Listed entries:
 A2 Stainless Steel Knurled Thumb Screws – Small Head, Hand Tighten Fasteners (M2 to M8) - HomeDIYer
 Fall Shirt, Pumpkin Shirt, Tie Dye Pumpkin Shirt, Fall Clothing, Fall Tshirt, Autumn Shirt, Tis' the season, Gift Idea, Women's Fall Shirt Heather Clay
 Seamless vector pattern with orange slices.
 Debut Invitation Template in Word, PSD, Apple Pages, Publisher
--
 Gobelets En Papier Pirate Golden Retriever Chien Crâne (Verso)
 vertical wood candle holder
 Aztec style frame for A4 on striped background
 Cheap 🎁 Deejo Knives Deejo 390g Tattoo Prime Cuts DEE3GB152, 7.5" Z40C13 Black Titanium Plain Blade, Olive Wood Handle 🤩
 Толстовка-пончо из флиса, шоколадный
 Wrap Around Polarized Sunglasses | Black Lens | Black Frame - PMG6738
--
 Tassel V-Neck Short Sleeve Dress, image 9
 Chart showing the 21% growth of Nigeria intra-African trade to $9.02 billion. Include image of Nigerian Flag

Try it: Scan the material and collect every line that contains "Black".

Written reply:
 Cheap 🎁 Deejo Knives Deejo 390g Tattoo Prime Cuts DEE3GB152, 7.5" Z40C13 Black Titanium Plain Blade, Olive Wood Handle 🤩
 Wrap Around Polarized Sunglasses | Black Lens | Black Frame - PMG6738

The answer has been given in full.